▸ EXERCISE REQUIREMENTS: The entries below contain a line with "Light blue cotton short kurti" and a line with "Coastal Lobster Tile Pendant Necklace". Retype exactly everything from the first down to the second, both included, and nothing else.

▸ EXTRACTED ENTRIES:
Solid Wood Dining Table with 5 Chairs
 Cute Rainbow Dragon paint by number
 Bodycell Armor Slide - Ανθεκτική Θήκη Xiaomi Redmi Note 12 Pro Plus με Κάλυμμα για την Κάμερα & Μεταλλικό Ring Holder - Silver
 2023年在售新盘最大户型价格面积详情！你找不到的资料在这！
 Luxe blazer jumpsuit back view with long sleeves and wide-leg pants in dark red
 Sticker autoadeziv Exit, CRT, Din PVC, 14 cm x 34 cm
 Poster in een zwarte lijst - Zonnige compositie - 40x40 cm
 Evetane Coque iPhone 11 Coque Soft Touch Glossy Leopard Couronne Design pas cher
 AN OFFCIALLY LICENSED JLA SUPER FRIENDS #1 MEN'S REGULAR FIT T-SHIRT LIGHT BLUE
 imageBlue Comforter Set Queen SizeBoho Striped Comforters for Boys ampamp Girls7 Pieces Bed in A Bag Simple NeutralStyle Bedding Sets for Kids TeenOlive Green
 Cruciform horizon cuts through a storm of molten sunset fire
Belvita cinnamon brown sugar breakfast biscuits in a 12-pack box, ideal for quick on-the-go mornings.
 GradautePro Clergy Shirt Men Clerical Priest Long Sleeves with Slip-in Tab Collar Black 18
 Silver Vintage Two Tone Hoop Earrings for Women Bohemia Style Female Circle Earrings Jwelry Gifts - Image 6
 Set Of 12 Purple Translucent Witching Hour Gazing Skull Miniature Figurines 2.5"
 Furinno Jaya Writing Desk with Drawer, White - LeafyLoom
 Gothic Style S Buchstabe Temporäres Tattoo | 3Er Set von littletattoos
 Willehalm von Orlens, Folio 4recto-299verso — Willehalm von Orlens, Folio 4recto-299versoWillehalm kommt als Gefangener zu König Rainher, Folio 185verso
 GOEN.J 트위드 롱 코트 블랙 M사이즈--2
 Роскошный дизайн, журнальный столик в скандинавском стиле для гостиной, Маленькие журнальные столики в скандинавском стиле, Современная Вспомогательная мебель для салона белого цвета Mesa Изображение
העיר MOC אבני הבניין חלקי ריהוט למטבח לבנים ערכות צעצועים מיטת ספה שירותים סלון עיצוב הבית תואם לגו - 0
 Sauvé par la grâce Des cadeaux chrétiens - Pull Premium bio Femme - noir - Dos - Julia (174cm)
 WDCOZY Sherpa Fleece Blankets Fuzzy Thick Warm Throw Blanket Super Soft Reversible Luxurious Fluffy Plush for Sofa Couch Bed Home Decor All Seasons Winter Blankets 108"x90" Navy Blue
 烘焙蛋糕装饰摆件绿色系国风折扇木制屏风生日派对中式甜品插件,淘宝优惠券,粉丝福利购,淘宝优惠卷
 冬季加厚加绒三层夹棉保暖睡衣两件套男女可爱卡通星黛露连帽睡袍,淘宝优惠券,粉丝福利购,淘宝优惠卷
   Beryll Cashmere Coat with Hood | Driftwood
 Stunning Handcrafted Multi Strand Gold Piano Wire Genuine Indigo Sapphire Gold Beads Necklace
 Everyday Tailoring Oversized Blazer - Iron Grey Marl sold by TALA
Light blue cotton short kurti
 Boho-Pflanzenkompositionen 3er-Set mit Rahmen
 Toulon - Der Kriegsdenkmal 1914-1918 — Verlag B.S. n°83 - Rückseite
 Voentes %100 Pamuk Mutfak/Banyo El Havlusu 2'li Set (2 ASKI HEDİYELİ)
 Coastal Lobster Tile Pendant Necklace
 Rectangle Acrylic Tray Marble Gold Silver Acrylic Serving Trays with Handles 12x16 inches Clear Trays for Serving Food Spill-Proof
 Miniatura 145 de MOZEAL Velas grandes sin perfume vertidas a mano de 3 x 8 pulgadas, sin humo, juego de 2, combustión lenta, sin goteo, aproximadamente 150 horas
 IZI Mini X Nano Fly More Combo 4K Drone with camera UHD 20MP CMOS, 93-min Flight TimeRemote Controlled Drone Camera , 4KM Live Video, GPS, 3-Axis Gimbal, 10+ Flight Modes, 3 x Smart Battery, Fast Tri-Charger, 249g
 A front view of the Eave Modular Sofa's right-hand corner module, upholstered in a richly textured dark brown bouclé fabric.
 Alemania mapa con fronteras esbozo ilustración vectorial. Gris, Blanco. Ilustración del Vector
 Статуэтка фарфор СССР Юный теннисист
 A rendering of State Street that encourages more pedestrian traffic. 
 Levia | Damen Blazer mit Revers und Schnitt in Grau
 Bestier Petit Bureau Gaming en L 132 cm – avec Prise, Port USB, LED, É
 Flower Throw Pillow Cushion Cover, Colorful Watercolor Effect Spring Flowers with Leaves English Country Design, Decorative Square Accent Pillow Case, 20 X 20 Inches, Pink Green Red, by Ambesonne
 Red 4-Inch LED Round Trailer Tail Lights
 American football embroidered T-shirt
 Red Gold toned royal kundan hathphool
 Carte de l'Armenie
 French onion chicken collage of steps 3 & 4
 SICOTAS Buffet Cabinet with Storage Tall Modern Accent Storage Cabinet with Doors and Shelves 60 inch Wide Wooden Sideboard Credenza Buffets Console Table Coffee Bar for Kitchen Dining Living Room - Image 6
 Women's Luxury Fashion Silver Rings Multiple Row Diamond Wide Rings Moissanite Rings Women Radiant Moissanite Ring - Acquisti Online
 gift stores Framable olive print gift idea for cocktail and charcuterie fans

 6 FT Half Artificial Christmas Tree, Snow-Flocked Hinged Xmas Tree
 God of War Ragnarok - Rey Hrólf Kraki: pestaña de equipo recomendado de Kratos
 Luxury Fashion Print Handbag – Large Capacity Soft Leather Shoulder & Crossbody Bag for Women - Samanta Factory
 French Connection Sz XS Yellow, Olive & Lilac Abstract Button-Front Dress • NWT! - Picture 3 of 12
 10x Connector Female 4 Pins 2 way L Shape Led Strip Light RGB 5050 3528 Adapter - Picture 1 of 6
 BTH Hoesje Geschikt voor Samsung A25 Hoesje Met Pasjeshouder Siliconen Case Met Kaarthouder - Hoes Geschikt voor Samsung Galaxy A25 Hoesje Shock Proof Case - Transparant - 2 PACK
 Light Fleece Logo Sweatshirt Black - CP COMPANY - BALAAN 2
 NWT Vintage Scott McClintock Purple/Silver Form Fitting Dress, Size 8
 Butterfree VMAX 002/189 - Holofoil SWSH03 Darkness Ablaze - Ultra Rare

▸ RESULT FOR THIS TASK:
Light blue cotton short kurti
 Boho-Pflanzenkompositionen 3er-Set mit Rahmen
 Toulon - Der Kriegsdenkmal 1914-1918 — Verlag B.S. n°83 - Rückseite
 Voentes %100 Pamuk Mutfak/Banyo El Havlusu 2'li Set (2 ASKI HEDİYELİ)
 Coastal Lobster Tile Pendant Necklace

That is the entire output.